Async Dispatch vs. Batching
Open Astra offers two complementary mechanisms for reducing tool execution time: batching runs multiple independent tool calls in parallel within the same turn, and async dispatch offloads long-running tools to a background job so the agent can respond immediately. They solve different problems and can be used together.
Batching: parallelism within a turn
When the agent decides to call multiple tools that are independent of each other, batching fires them concurrently. The agent waits for all results before continuing inference.
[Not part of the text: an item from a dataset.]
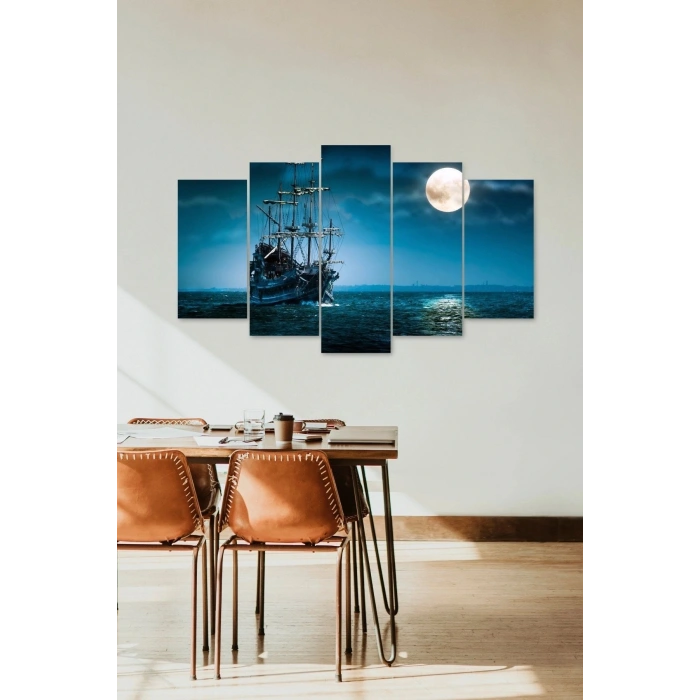 Deniz Manzarası 5 Parçalı Mdf Tablo 60 x 100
This eliminates sequential latency without any architectural complexity.
Turn timeline (no batching, no async):
Agent ──► file_read(a) ──────── 80ms ──► file_read(b) ──── 80ms ──► inference ──► response
[blocks] [blocks]
Total: 80 + 80 + inference ≈ 460msTurn timeline (batching enabled):
Agent ──► file_read(a) ┐
file_read(b) ┘──── 80ms (parallel) ──► inference ──► response
[both fire at once]
Total: 80 + inference ≈ 380ms (-17% vs no batching)Batching works best when:
- Tools are fast (under 500ms each)
- Tools have no dependency on each other's output
- The agent needs all results before it can respond
Async dispatch: background jobs across turns
Async dispatch separates starting a job from using its results. The agent dispatches the tool call, receives a job ID immediately, responds to the user, and polls for results on a future turn. This keeps turn latency low for tools that take seconds or minutes.
Turn timeline (async dispatch):
Turn 1: Agent ──► web_crawl.dispatch() ──► "job_id: abc" ──► inference ──► response
[non-blocking, 1ms] "I've started the crawl,
I'll report back."
───── background ─────────────────────────────────────────────────────────────
web_crawl runs for 8 seconds in background
Turn 2: Agent ──► web_crawl.poll(job_id) ──► results ──► inference ──► response
[ready, 2ms] "Here's what I found…"Async works best when:
- The tool takes more than ~2 seconds
- The user doesn't need to wait for the result before getting a response
- Results can be used in a follow-up turn or surfaced via webhook
Decision matrix
| Criterion | Use batching | Use async | Use neither |
|---|---|---|---|
| Execution time | Fast (<500ms) | Slow (>2s) | Any — if sequential |
| Dependencies between calls | None | None | Output feeds next call |
| User needs immediate result | Yes | No | Yes |
| Multiple calls in one turn | Yes | No | No |
| Tool is idempotent / retriable | Recommended | Required | Optional |
| Side effects (writes, sends) | Safe if idempotent | Avoid | OK |
Performance profiles
| Configuration | Turn latency | Throughput | UX |
|---|---|---|---|
| No batching, no async | High (sum of all tools) | Low | User waits for everything |
| Batching only | Medium (max of batch) | Medium | User waits for longest tool |
| Async only | Low (dispatch is instant) | High | User gets immediate response, waits for follow-up |
| Batching + async | Low | High | Best for mixed fast/slow tool workloads |
Configuring batching
tools:
batching:
enabled: true
maxBatchSize: 8
maxWaitMs: 50See Batching for the full config reference and tool-level overrides.
Configuring async dispatch
# Mark a tool as async in astra.yml
tools:
- id: web_crawl
async: true
pollIntervalMs: 2000 # agent polls every 2s on follow-up turns
timeoutMs: 120000 # job expires after 2 minutes if not polledSee Async Dispatch for job lifecycle, polling, and webhook delivery.
Choosing per tool
// Pseudocode: how to decide at agent-config level
const toolConfig = {
// Use batching: multiple independent reads in the same turn
"file_read": { batchable: true },
"db_query": { batchable: true },
"memory_read": { batchable: true },
// Use async dispatch: long-running, non-blocking work
"web_crawl": { async: true, timeoutMs: 60000 },
"code_index": { async: true, timeoutMs: 300000 },
"report_gen": { async: true, timeoutMs: 120000 },
// Use neither: fast, sequential, stateful
"shell_exec": { batchable: false, async: false },
"file_write": { batchable: false, async: false },
}Using both together
A single turn can use both mechanisms simultaneously. For example, an agent doing research might:
- Batch three fast
memory_readcalls (parallel, results used immediately). - Dispatch one async
web_crawljob for deep research (non-blocking). - Respond to the user with the memory results plus a note that the crawl is running.
- On the next turn, poll the crawl job and synthesize the full result.
This pattern — batch fast tools, async slow tools — is the highest-performance configuration for research and data-heavy agents.